Bug 168189

Summary: gdm should have a dpi of 96 by default
Product: [openSUSE] openSUSE 11.0 Reporter: Travis Hansen <thansen>
Component: GNOMEAssignee: Federico Mena Quintero <federico>
Status: RESOLVED FIXED QA Contact: E-mail List <nld10-bugs-qa>
Severity: Normal    
Priority: P3 - Medium CC: federico, landemaine, tom.horsley, vuntz
Version: Factory   
Target Milestone: ---   
Hardware: Other   
OS: openSUSE 10.3   
Whiteboard: gnome-wrong-out-of-the-box, gnomeup-gdm
Found By: Other Services Priority:
Business Priority: Blocker: ---
Marketing QA Status: --- IT Deployment: ---
Bug Depends on:    
Bug Blocks: 338002    

Description Travis Hansen 2006-04-20 20:09:21 UTC
GNOME uses a default dpi of 96.  I think it would be a good idea to have gdm mimic that behavior.

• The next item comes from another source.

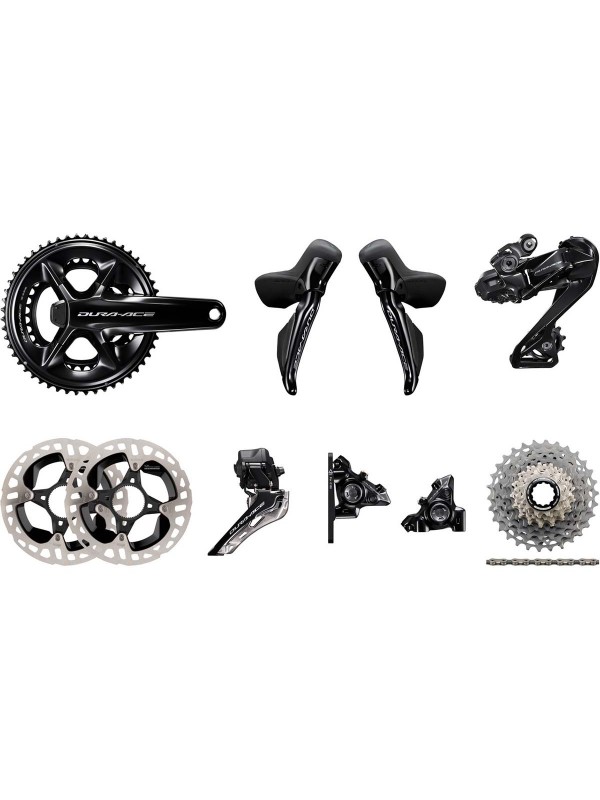 Shimano DuraAce Di2 R9250 2x12 Power Meter Priority Pack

This could be done with X itself or with gdm.conf.
Comment 1 Federico Mena Quintero 2006-11-24 16:07:00 UTC
Actually, we should do something similar to what we do in bug #217790 (see attachment #106649 [details] for some skeleton code).

Basically:

1. We figure out the DPI from the physical dimensions of the screen which the X server reports.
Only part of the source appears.